Dia mengungkapkan tujuan minta tambah umur itu untuk merealisasikan keinginannya mengembangkan Liberty University sebagai universitas Kristen evangelis utama baik di AS maupun dunia. Universitas yang dulu bernama Lynchburg Bible College itu punya mahasiswa lebih dari 10 ribu yang tinggal di kampus dan 15 ribu yang mengambil kelas jauh. Falwell menyebut para mahasiswa di kampusnya sebagai calon evangelis Kristen—dan tentu saja kader Kristen kanan—masa depan. Mendiang Falwell yang memiliki jemaah lebih dari 24 ribu itu, dikenal sebagai salah satu tokoh tua Kristen fundamentalis yang anti-Islam, homoseksual, pornografi, obat-obatan, aborsi, feminisme, liberalisme, sekularisme, dll, yang dianggapnya dosa-dosa yang merusak bangsa (AS), gereja, dan Bible.

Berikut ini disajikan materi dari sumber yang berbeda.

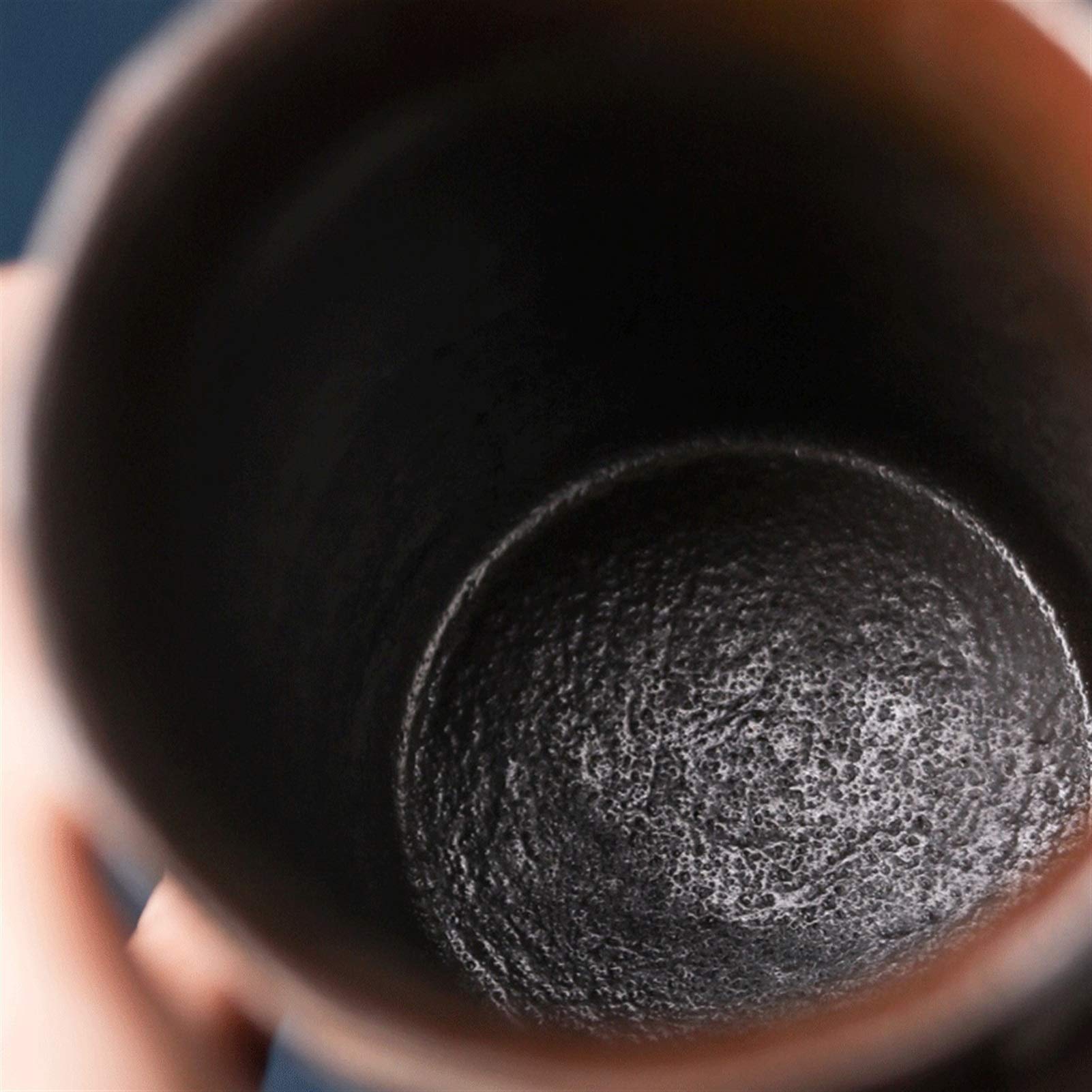 Kubek do kawy, Filiżanka do herbaty Klasyczny design Ceramiczne kubki do kawy Filiżanki o pojemności 6,6 uncji ze spodkami na gorące lub zimne napoje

Pendapat Falwell yang “serba anti” dan sejumlah tokoh Kristen kanan gaek lain seperti Pat Robertson, Franklin Graham, Jerry Vine, Richard Cizik, dll., berakar pada pandangan yang menganggap bangsa Amerika dibangun di atas basis etika Judeo-Christian yang anti-sekularisme dan liberalisme. Dan karena itu, dia menginginkan AS sebagai “rumah” buat Yahudi dan Kristen yang memelihara tradisi dan nilai-nilai kekristenan dan keyahudian. Karena pandangan (tepatnya keyakinan) inilah, dia dan sejumlah temannya ramai-ramai membentuk gerakan Christian Zionism, sebuah paham dan gerakan yang menganggap negara modern Israel sebagai pemenuhan atas janji Bibel.

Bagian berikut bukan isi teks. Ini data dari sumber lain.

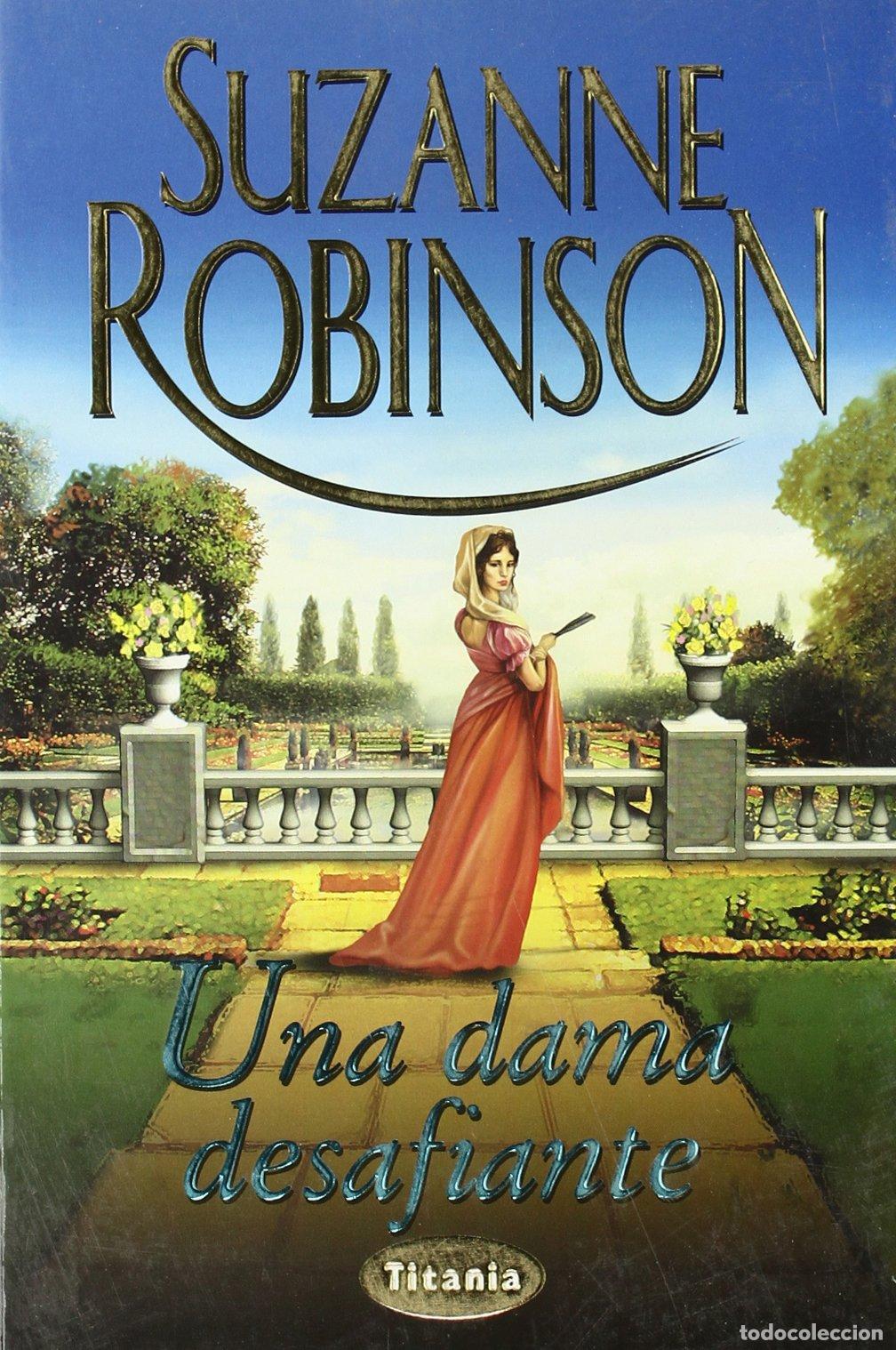 Libros de segunda mano: Una dama desafiante (Titania &eacute;poca)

“Siapa yang mencintai Israel, akan dicintai Tuhan dan siapa yang membenci Israel maka akan dibenci Tuhan” adalah kalimat dalam Bibel yang sering mereka kutip sebagai justifikasi teologis dan fondasi moral dukungan mereka terhadap Zionisme Kristen. Falwell dan koleganya tidak hanya mendukung secara teologis dan keagamaan, tapi juga secara politik dan finansial. Tokoh-tokoh Kristen kanan ini juga tergabung dalam American Alliance of Jews and Christians, organisasi persekongkolan Yahudi-Kristen untuk menghadapi Islam yang didirikan oleh Rabbi Daniel Lapin.

Ketika Partai Likud Israel gencar membangun hubungan mesra dengan sayap kanan Kristen AS (1980-an), Falwell dan para “pendekar tua” Kristen kanan tadi menjadi salah satu tokoh kunci dalam memobilisir kelompok Kristen konservatif guna mendukung apapun yang dilakukan Israel. Di antara tokoh tua Kristen konservatif AS, Falwell memang spesial. Menurut sebuah sumber, sesaat setelah Israel mengebom reaktor nuklir Iraq pada tahun 1981, PM Israel waktu itu, Menachim Begin menelponnya, minta agar ia menerangkan ke publik Kristen AS mengenai alasan-alasan pengeboman tersebut (http://www.zmag.org).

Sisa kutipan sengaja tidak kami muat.